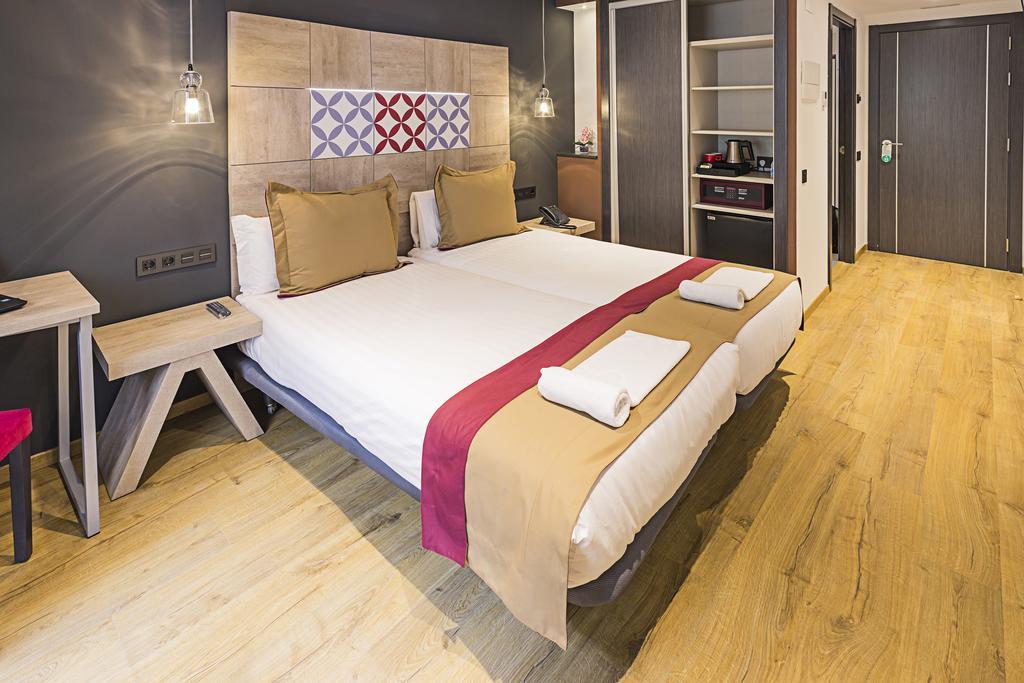Boutique Hostemplo Sagrada Familia Hotell Barcelona Rom bilde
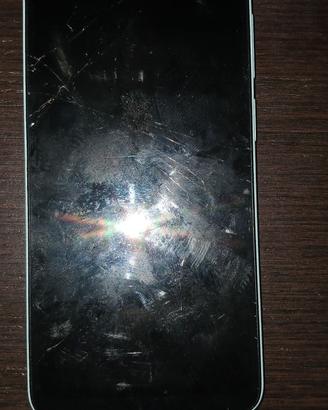 Redmi 12c con schermo rotto 
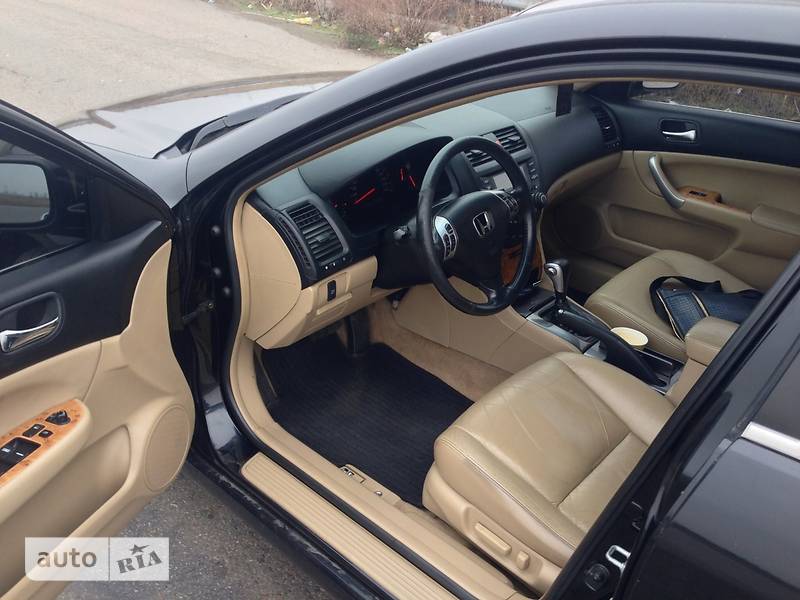 Седан Honda Accord 2005 в Киеве фото 10 Седан Honda Accord 2005 в Киеве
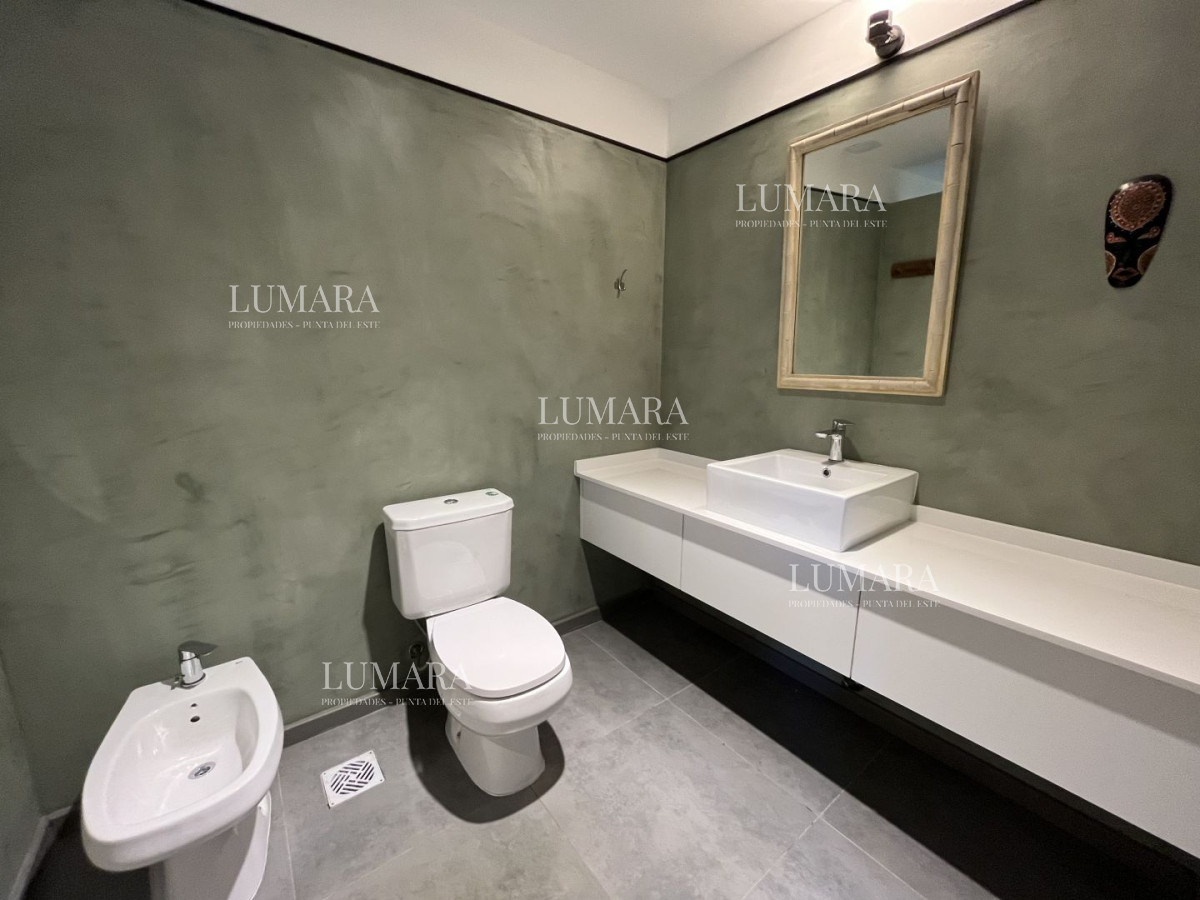 Casa ID.3554 - Casa en venta con 3 Dormitorios en Lugano, Punta del Este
- - - - -
### How to complete this task
Once more, please print all the lines above exactly, without their pictures.

### Result of the exercise
Boutique Hostemplo Sagrada Familia Hotell Barcelona Rom bilde
 Redmi 12c con schermo rotto 
 Седан Honda Accord 2005 в Киеве фото 10 Седан Honda Accord 2005 в Киеве
 Casa ID.3554 - Casa en venta con 3 Dormitorios en Lugano, Punta del Este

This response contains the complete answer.